Getting out into the fresh air, ideally in a green space, helps improve focus, creativity, decreases stress, increases step count, boosts fitness, keeps you brain on its circadian rhytm, relaxes your eyes after being in artificial light and in front of screens, and generally makes you feel a whole lot better.

Most people go from home to car/ bus, into work where they stay for 8+ hours, then back into the car/ bus and home to sit inside watching TV. Your brain needs exposure to daylight at varying points in the day to help it keep you on time. Bright daylight in the morning helps promote wakefulness, dimming, redder light in the evening help you wind down towards sleep.

Getting out into nature has many well researched benefits for your ability to improve mental function and decrease mental and physical stress.

Increasing your step count is a simple, but effective way to add some low level cardio activity to your days, boosting the strength of your heart and lungs, and keeping some good movement in your legs.

Aim for 10-15 minutes 2-3 times a day. Maybe walk all or part of the way to work. Get out for 15 minutes at lunch. Go for a short walk after dinner.

5. Have less screen time.

Screen time is fine.
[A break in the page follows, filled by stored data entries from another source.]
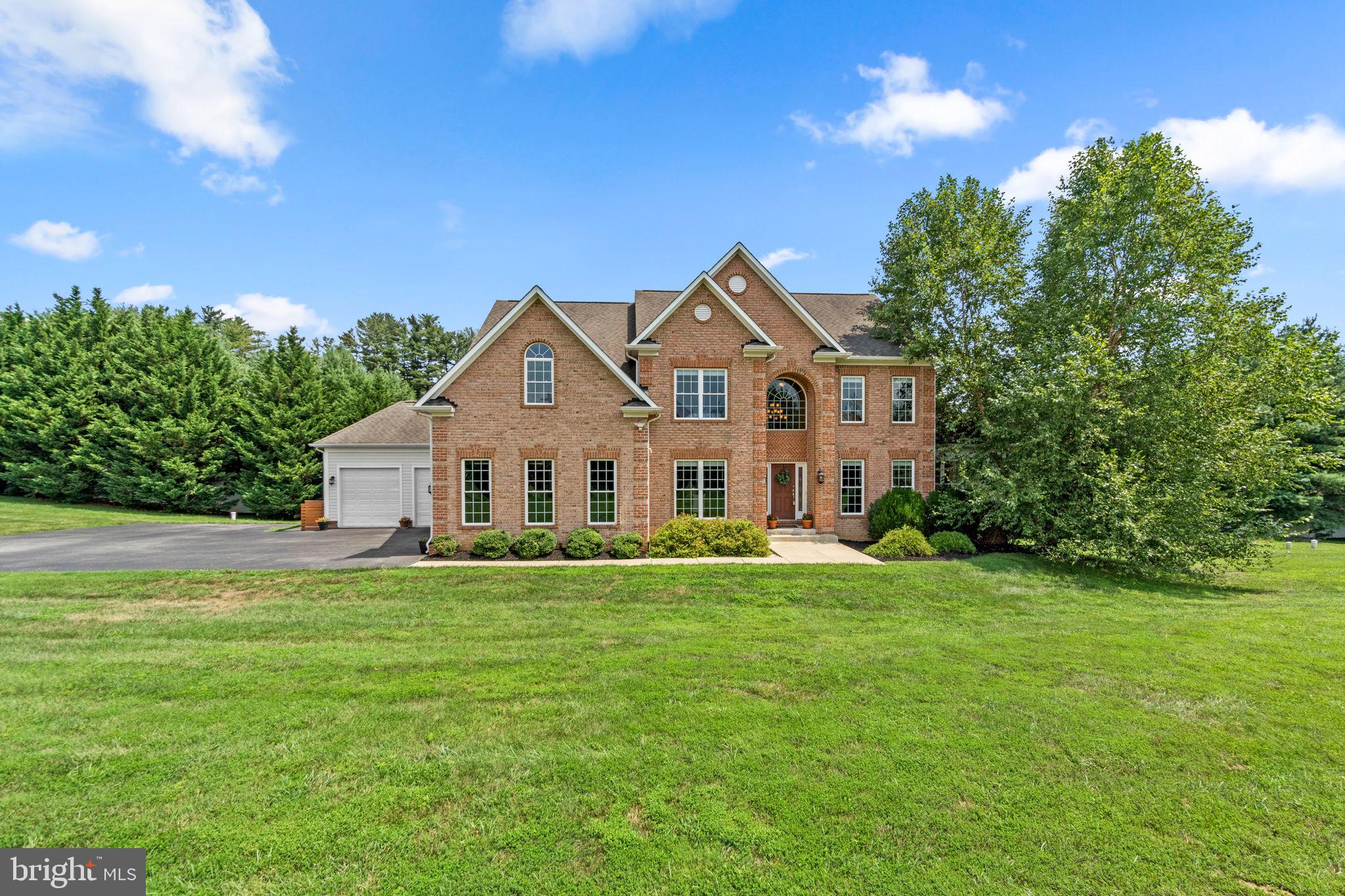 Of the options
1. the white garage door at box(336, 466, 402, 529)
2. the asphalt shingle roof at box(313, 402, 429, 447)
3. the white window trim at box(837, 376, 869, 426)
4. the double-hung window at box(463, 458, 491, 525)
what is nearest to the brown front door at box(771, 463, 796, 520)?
the white window trim at box(837, 376, 869, 426)

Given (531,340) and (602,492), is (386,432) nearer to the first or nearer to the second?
(531,340)

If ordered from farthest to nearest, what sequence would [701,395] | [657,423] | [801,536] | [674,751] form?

But it will distract you while you eat, making it more likely to overeat. It’ll take you away from your company, whether that is your family, friends, or co-workers. It means you are more likely to miss the simple pleasures around you every day.

We spend on average 2 hours on social media each day. 4 hours watching TV and an hour on email. Then say we don’t have time to spend on our health and fitness. I call bullshit.

You have time to do whatever is important to you. If that’s watching some crappy TV and endlessly scrolling through your social media channel of choice instead of spending a little time and effort on building and maintaining your health and fitness, then so be it. But that decision will come back to bite you in the ass in time.

Decide to put in a little time and effort now and your future self, and your future family, will thank you for it.